--- WHAT IS EXPECTED ---
Please go line by line and repeat the data below exactly, with no images.

--- SUPPLIED INFORMATION ---
_ _ _
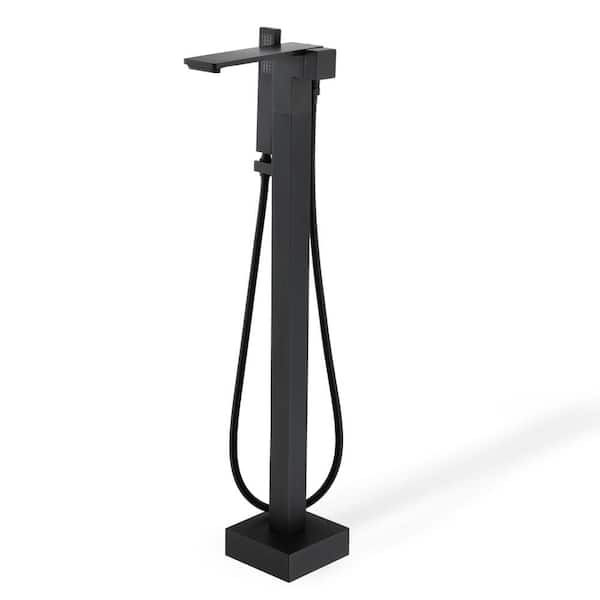 Single-Handle Freestanding Tub Faucet with Hand Shower in Matte Black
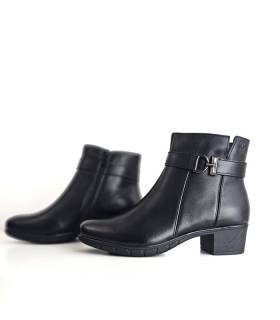 Botines negros piel mujer Treintas con tacón medio y detalle hebilla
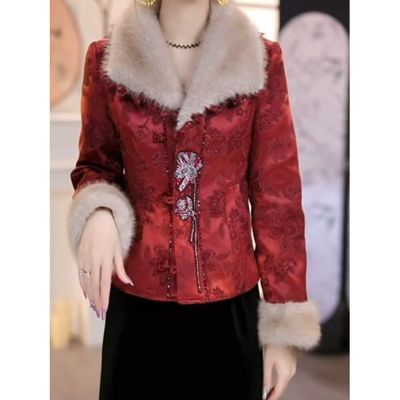 新中式宋锦提花缎毛领棉衣外套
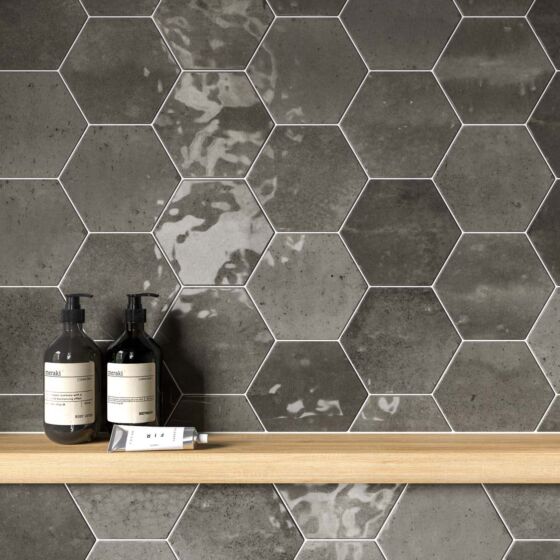 Modern bathroom featuring hexagon shaped Wish ash gloss wall tiles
_ _ _
--- ANSWER SECTION ---
 Single-Handle Freestanding Tub Faucet with Hand Shower in Matte Black
 Botines negros piel mujer Treintas con tacón medio y detalle hebilla
 新中式宋锦提花缎毛领棉衣外套
 Modern bathroom featuring hexagon shaped Wish ash gloss wall tiles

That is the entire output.